Oh wow, this is great insight. Do you have any reccos as to which Graeber I should read? I just came off a job where I feel like my bosses prioritized my useless paperwork generation more than any value-added tasks that I did. Of course, that company is now pretty much near bankruptcy. If you asked me, I'd say it was because they valued the bureaucratic over anything innovative.

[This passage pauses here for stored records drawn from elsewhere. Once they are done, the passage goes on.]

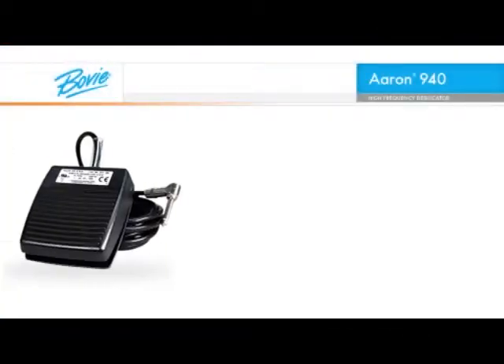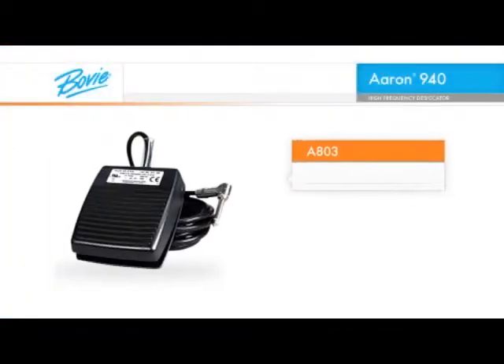If you need to use a foot control, just plug it in. There is no need for a separate handpiece, and you can still control the power setting from the handpiece while using the foot control.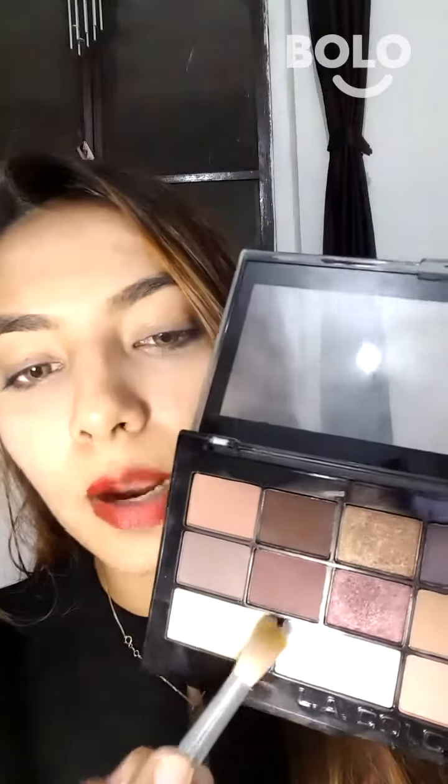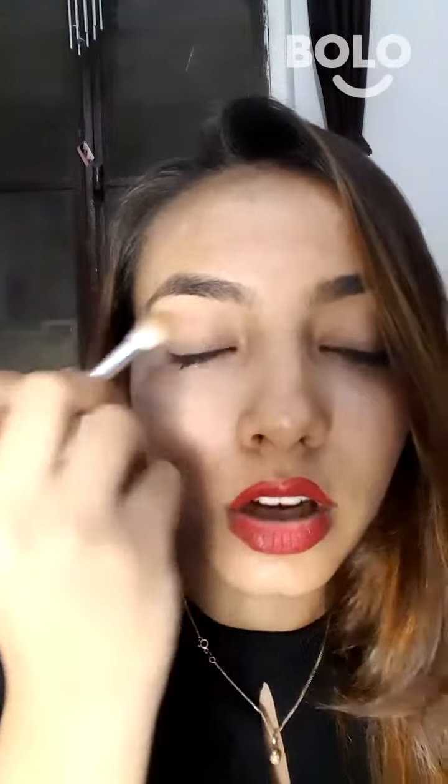And I am going to show you eye makeup. I am going to use this shade and this shade. I am going to put this shade on my entire eye lid. And this shade is a little maroonish,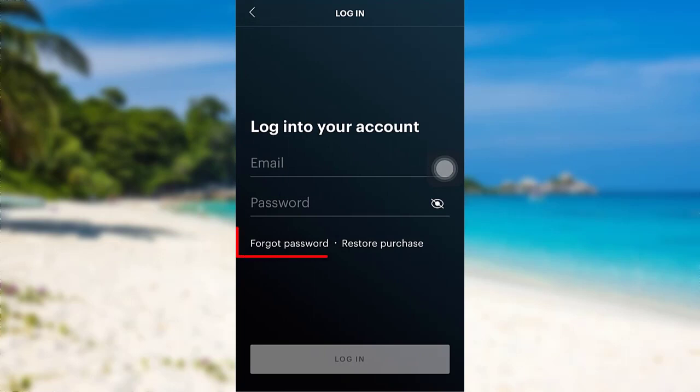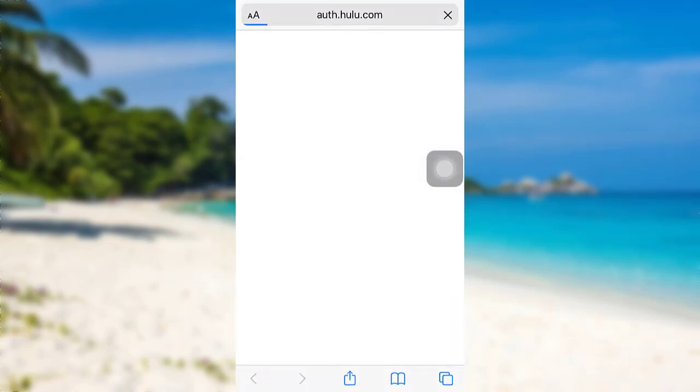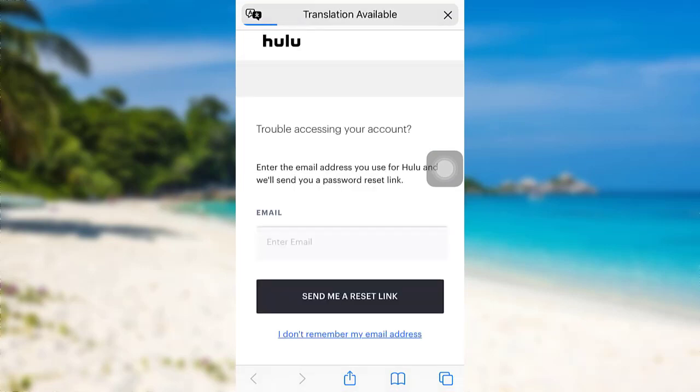You'll be able to see an option for 'Forgot Password.' Tap on it. You'll then be redirected to a page where you'll be asked to enter your email address, and then a password reset link will be sent.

I've been reading Schumpeter again lately, and I think he would say something similar. Just a couple of quotes I just highlighted from his concept of the "death of the entrepreneur":

  • The leading man no longer has the opportunity to fling himself into the fray. He is becoming just another office worker—and one who is not always difficult to replace.
  • The perfectly bureaucratized giant industrial unit not only ousts the small or medium-sized firm and “expropriates” its owners, but in the end it also ousts the entrepreneur and expropriates the bourgeoisie as a class which in the process stands to lose not only its income but also what is infinitely more important, its function. The true pacemakers of socialism were not the intellectuals or agitators who preached it but the Vanderbilts, Carnegies and Rockefellers.

That last one is kind of nuts if you think about it. By emphasizing capitalism so much that we've become Kafkaesque, we actually are sowing the seeds of its destruction. This, in reality, might be exactly where we're at.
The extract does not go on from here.